— Problem —
Word for word, repeat the lines of the records from the one containing "XEOD Autosleutelbehuizing - sleutelbehuizing" through the last line, both included.

Records contained in a dataset
☆ ☆ ☆ ☆ ☆

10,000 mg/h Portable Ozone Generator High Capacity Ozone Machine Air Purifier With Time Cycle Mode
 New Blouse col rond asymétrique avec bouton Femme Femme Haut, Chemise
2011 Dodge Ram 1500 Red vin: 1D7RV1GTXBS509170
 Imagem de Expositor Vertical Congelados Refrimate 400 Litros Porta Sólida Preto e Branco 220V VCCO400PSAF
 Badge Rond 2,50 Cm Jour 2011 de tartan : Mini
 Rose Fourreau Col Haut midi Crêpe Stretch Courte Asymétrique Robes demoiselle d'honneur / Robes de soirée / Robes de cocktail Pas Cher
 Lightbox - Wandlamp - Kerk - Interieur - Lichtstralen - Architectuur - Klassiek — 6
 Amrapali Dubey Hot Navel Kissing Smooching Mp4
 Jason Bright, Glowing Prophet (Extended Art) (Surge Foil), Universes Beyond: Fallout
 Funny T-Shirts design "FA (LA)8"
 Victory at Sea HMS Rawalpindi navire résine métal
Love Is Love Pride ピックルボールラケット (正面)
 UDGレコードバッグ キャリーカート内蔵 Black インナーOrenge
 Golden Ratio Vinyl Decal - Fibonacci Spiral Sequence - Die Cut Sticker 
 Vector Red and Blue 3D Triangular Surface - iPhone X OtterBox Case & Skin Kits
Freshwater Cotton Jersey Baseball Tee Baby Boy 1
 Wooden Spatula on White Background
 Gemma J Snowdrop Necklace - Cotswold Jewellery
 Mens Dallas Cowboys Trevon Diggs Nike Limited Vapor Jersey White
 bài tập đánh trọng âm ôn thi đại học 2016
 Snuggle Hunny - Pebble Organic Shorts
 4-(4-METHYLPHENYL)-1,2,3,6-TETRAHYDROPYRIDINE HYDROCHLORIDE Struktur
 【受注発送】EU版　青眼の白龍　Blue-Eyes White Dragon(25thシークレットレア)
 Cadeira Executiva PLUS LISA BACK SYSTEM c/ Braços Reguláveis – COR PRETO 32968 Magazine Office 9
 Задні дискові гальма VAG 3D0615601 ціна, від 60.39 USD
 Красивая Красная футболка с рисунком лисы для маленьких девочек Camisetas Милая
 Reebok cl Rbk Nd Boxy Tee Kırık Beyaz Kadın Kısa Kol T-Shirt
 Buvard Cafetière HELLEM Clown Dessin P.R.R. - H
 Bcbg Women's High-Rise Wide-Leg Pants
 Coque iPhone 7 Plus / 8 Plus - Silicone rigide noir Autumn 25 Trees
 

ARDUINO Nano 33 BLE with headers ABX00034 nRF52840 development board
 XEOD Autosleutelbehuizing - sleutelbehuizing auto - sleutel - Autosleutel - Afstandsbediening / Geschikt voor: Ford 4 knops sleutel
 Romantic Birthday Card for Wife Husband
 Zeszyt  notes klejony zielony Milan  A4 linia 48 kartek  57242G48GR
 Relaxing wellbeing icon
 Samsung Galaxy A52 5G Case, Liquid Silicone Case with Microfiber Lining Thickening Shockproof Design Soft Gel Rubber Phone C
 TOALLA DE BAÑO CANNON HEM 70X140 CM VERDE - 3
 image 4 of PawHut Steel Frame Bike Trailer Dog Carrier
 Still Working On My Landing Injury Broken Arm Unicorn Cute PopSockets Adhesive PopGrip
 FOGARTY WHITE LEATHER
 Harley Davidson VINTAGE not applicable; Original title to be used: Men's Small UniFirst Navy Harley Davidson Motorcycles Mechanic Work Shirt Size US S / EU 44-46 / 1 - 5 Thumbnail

☆ ☆ ☆ ☆ ☆

— Output for this task —
 XEOD Autosleutelbehuizing - sleutelbehuizing auto - sleutel - Autosleutel - Afstandsbediening / Geschikt voor: Ford 4 knops sleutel
 Romantic Birthday Card for Wife Husband
 Zeszyt  notes klejony zielony Milan  A4 linia 48 kartek  57242G48GR
 Relaxing wellbeing icon
 Samsung Galaxy A52 5G Case, Liquid Silicone Case with Microfiber Lining Thickening Shockproof Design Soft Gel Rubber Phone C
 TOALLA DE BAÑO CANNON HEM 70X140 CM VERDE - 3
 image 4 of PawHut Steel Frame Bike Trailer Dog Carrier
 Still Working On My Landing Injury Broken Arm Unicorn Cute PopSockets Adhesive PopGrip
 FOGARTY WHITE LEATHER
 Harley Davidson VINTAGE not applicable; Original title to be used: Men's Small UniFirst Navy Harley Davidson Motorcycles Mechanic Work Shirt Size US S / EU 44-46 / 1 - 5 Thumbnail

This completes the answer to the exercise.